Justice Samuel Alito Jr. probed how Chaiten's interpretation of the clause would apply to foreign prosecutions. If American citizens were murdered by terrorists in a foreign country and the terrorists were acquitted after a foreign prosecution, Alito asked, “is it your position they can't be prosecuted here?”

Chaiten replied that under the original understanding of the double-jeopardy clause, whether America could prosecute those terrorists would depend on whether an American court recognized the concurrent jurisdiction of the foreign court.

Justice Stephen Breyer noted an amicus brief filed by Native American Indians, who said the separate sovereign exception was important to successive prosecutions of domestic violence crimes on reservations.

But Chaiten said the potential for successive prosecutions and punishments has increased significantly with the federalization of many more crimes.

Assistant to the Solicitor General Eric Feigin and Texas Solicitor General Kyle Hawkins told the justices that successive prosecutions sometimes were necessary. Feigin pointed to Native American domestic violence crimes as well as the need for the federal government to step in at times to prosecute civil rights law violations.

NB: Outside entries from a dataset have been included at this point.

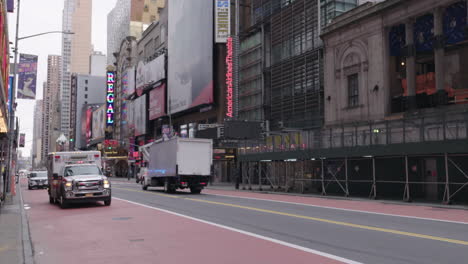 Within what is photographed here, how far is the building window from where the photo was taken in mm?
37219

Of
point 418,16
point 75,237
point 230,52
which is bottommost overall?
point 75,237

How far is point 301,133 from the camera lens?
3347cm

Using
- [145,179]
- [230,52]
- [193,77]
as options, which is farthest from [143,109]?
[145,179]

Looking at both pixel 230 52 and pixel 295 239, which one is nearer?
pixel 295 239

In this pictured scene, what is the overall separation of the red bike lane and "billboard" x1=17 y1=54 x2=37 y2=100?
13.3 metres

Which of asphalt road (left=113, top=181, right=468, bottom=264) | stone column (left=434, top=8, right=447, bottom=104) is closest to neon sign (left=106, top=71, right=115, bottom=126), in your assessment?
stone column (left=434, top=8, right=447, bottom=104)

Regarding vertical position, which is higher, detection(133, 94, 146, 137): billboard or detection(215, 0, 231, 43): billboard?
detection(215, 0, 231, 43): billboard

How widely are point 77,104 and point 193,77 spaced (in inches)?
5448

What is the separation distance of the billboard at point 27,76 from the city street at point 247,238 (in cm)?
1194

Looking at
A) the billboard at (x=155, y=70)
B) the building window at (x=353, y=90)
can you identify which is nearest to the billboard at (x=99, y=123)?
the billboard at (x=155, y=70)

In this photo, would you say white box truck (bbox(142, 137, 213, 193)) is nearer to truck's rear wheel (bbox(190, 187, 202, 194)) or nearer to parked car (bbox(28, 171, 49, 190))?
truck's rear wheel (bbox(190, 187, 202, 194))

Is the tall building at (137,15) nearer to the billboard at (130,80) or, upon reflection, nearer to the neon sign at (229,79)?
the billboard at (130,80)

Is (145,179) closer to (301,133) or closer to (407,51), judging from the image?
(301,133)

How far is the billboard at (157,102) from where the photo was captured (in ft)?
287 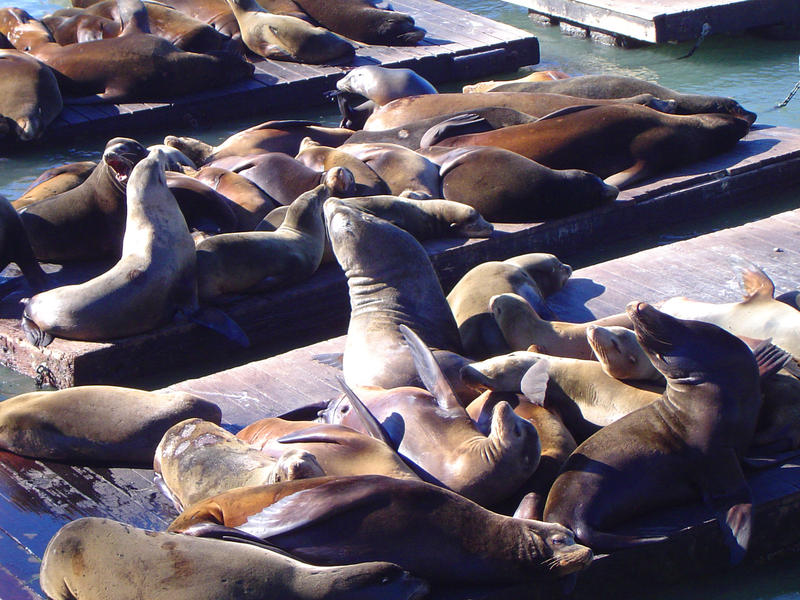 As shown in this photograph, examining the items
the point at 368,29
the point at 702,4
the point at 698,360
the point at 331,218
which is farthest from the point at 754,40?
the point at 698,360

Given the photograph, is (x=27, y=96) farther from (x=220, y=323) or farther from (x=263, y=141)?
(x=220, y=323)

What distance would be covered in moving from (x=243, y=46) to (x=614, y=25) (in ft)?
13.1

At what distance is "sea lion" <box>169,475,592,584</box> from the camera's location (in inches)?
117

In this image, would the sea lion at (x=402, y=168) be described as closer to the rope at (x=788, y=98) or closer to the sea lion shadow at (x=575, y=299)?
the sea lion shadow at (x=575, y=299)

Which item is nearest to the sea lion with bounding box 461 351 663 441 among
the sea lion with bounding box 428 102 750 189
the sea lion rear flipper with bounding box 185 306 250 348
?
the sea lion rear flipper with bounding box 185 306 250 348

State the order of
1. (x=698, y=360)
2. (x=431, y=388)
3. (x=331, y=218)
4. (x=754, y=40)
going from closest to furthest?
(x=698, y=360) → (x=431, y=388) → (x=331, y=218) → (x=754, y=40)

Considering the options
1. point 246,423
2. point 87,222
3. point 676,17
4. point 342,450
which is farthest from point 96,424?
point 676,17

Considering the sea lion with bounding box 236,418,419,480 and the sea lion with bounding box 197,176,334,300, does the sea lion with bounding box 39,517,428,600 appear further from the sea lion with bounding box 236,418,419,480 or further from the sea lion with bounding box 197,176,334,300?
the sea lion with bounding box 197,176,334,300

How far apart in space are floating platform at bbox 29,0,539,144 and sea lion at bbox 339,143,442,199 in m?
3.38

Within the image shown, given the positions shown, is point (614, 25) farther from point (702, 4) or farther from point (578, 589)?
point (578, 589)

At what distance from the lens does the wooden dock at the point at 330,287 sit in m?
5.45

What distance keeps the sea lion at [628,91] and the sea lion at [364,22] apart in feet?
9.11

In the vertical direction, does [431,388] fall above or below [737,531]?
above

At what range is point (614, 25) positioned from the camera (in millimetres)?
11961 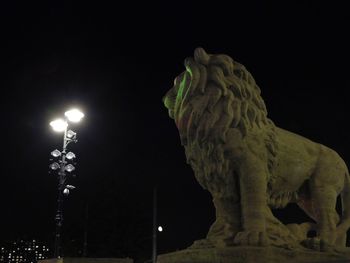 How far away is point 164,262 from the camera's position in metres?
5.75

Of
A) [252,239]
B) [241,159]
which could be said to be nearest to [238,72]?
[241,159]

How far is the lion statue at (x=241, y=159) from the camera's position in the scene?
5.40 m

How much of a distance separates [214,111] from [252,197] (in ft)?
3.60

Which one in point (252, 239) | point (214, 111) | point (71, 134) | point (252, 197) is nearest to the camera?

Justice Ruth Bader Ginsburg questioned the government's heavy reliance on federalism for its defense of the exception.

Federalism, Ginsburg said, usually is looked to as protection of the individual, but the government is using it to defend state and federal freedom to prosecute the individual. Justice Neil Gorsuch added that he could not think of another case where federalism was used to allow “more intrusion” on individual liberty.

Feigin warned that overruling the exception would result in a first-to-file race to courthouses by prosecutors; would deter cooperation between law enforcement; and would allow criminal defendants to play one sovereign against another.